Ronald Cumming
- Born: Ronald Stuart Cumming 4 April 1900 Aberlour, Scotland
- Died: 17 November 1982 (aged 82) Rothes, Scotland

Rugby union career
- Position: Prop

Amateur team(s)
- Years: Team / Apps / (Points)
- -: Aberdeen University

Provincial / State sides
- Years: Team / Apps / (Points)
- -: North of Scotland District

International career
- Years: Team / Apps / (Points)
- 1921: Scotland / 2 / (0)

= Ronald Cumming =

Scotland international rugby union player (1900–1982)

Ronald Cumming (4 April 1900 – 17 November 1982) was a Scotland international rugby union player.

==Rugby Union career==

===Amateur career===

Cumming played for Aberdeen University.

===Provincial career===

He played for North of Scotland District.

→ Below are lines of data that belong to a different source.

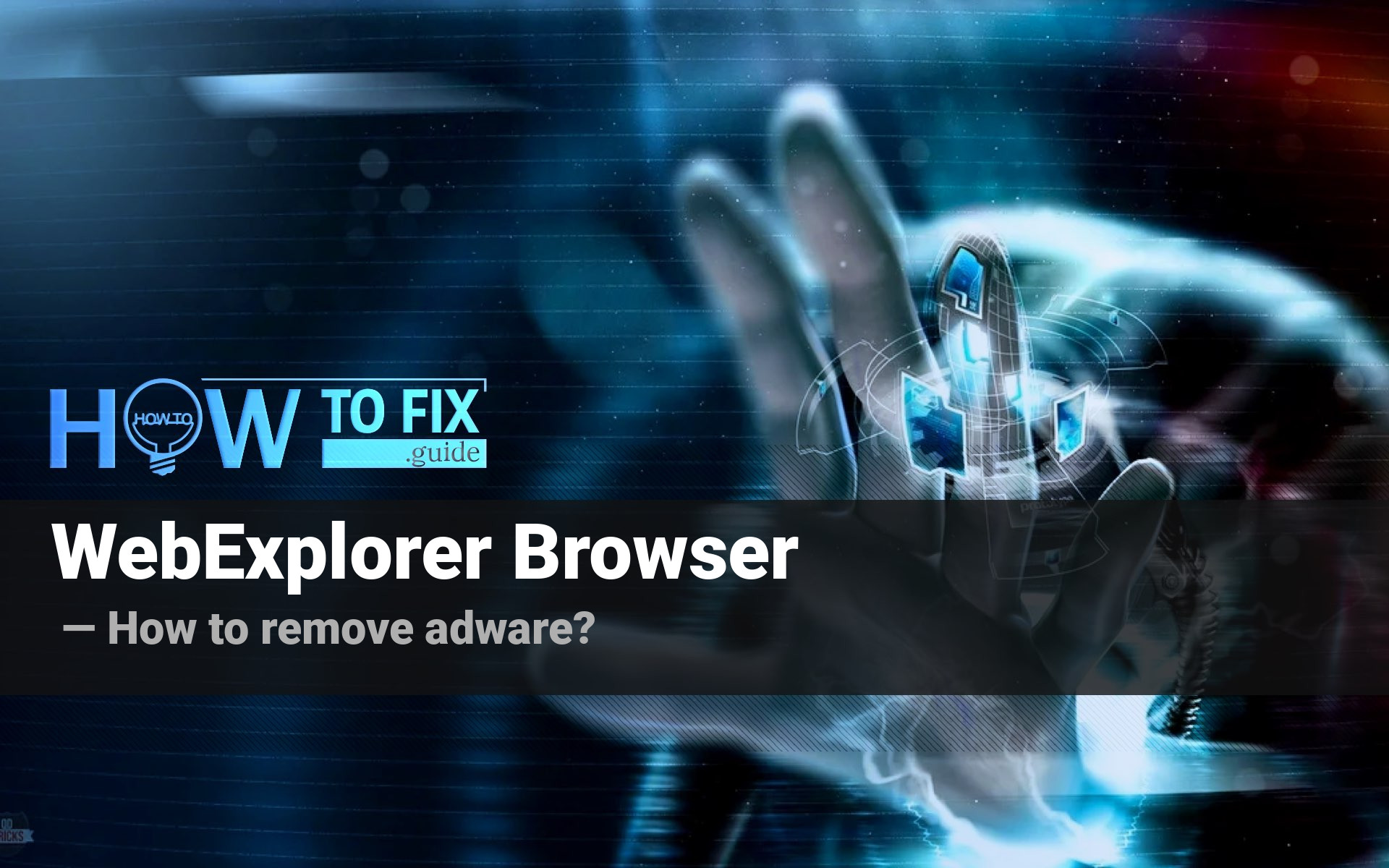 How to remove WebExplorer Browser?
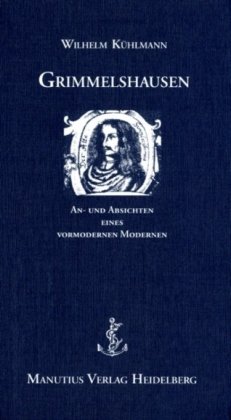 Imagen de archivo de Grimmelshausen: An- und Absichten eines vormodernen Modernen a la venta por medimops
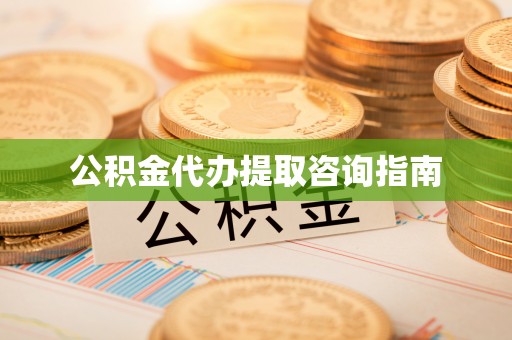 颍泉公积金代办提取咨询指南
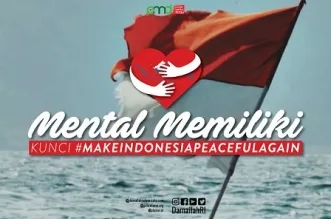 Mental Memiliki, Kunci Make Indonesia Peaceful Again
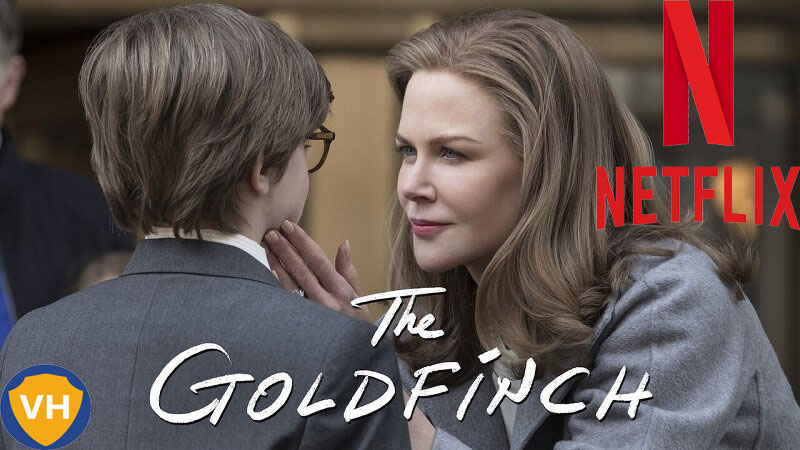 Watch The Goldfinch (2019) on Netflix From Anywhere in the World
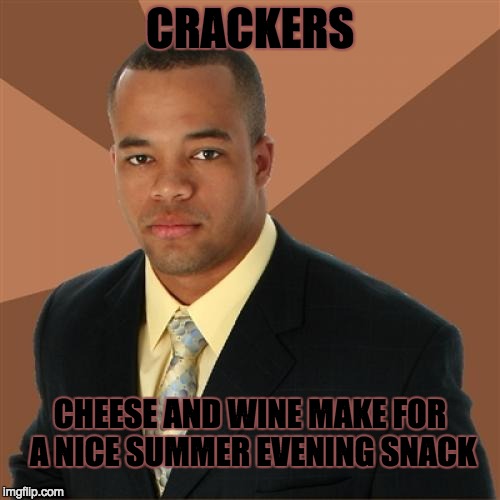 Successful Black Man | CRACKERS CHEESE AND WINE MAKE FOR A NICE SUMMER EVENING SNACK | image tagged in memes,successful black man | made w/ Imgflip meme maker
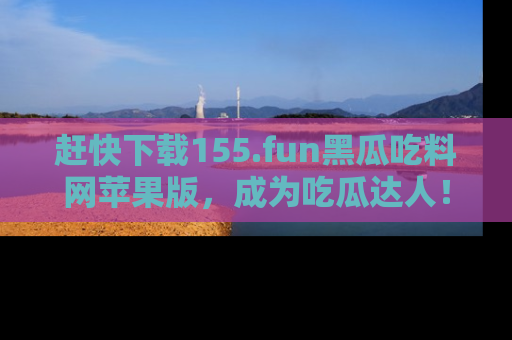 赶快下载155.fun黑瓜吃料网苹果版，成为吃瓜达人！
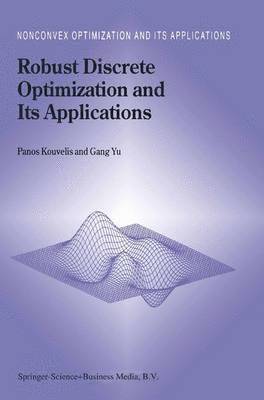 Robust Discrete Optimization and Its Applications 1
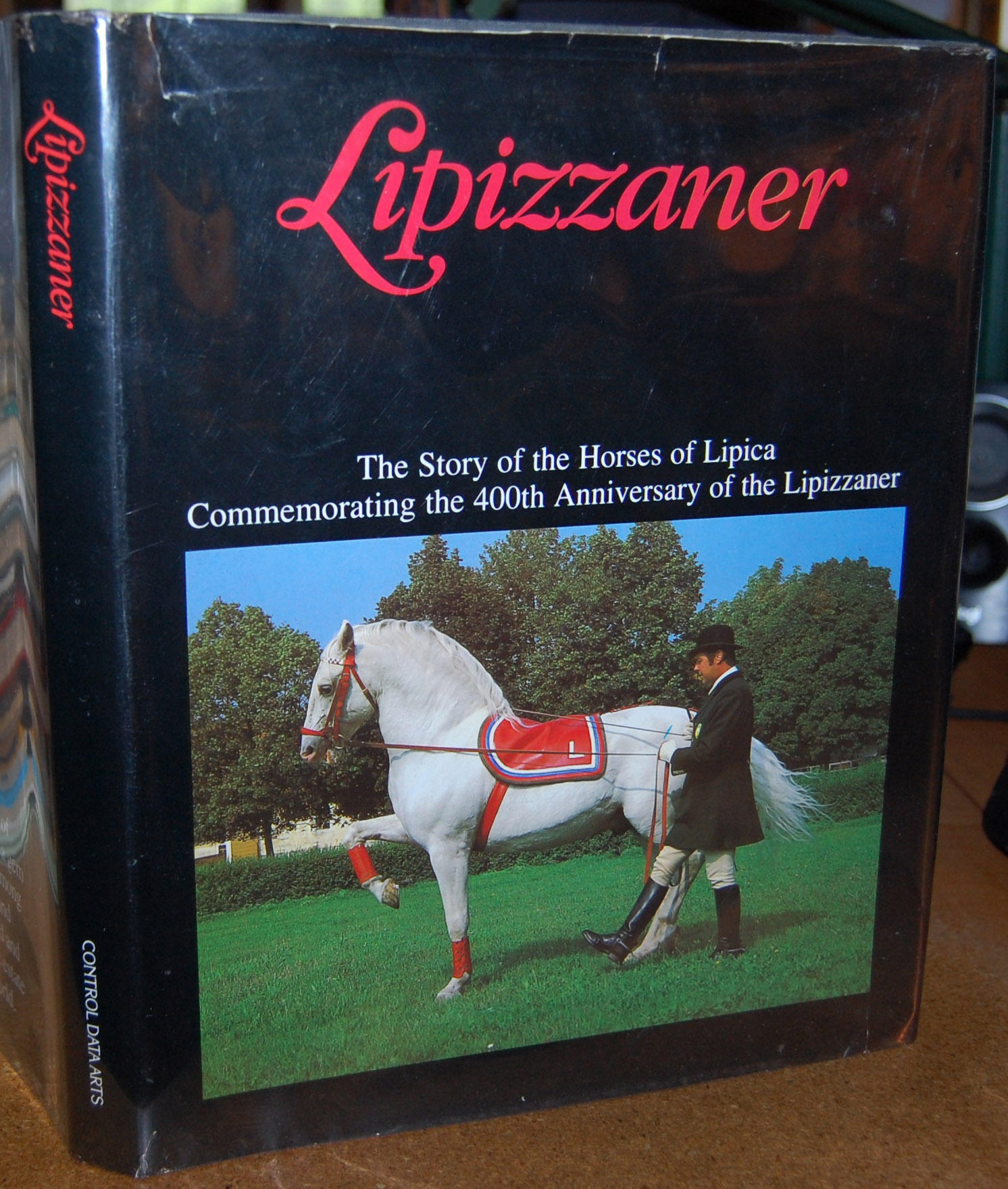 Lipizzaner The Story of the Horses of Lipica Commemorating the 400th Anniversary of the Lipizzaner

===International career===

He played for Scotland twice in 1922.

==Business career==

He followed into the family business in the whisky industry. He became Chairman of the Scottish Whisky Association in 1961. He became Chairman of Distillers Company Ltd. in 1963.

==Family==

His parents were John Fleetwood Cumming (1863-1933) and Beatrice Gordon Bryson Kynoch (1865-1906). John Fleetwood Cumming was a Moray councillor and owner of the Cardhu distillery near Knockando, which was founded by his grandfather in 1824. They had 2 sons Lewis Robertson Cumming (1892-1914), John Kynoch Cumming (1896-1927) and 1 daughter Elizabeth Cumming (1898-1989) as well as Ronald. His father remarried Isobel Field when Beatrice died, they had a daughter in 1909 that died in infancy. Lewis joined the Black Watch and died in the Great War; John was wounded and taken prisoner.

Ronald married Mary Hendrie (1904-1990) in Wentworth, Ontario in Canada in 1925. They had 2 daughters Elizabeth Bryson Cumming (1926-2015) and Mary Stuart Cumming (1929-1990). Mary Hendrie received an O.B.E. in 1953.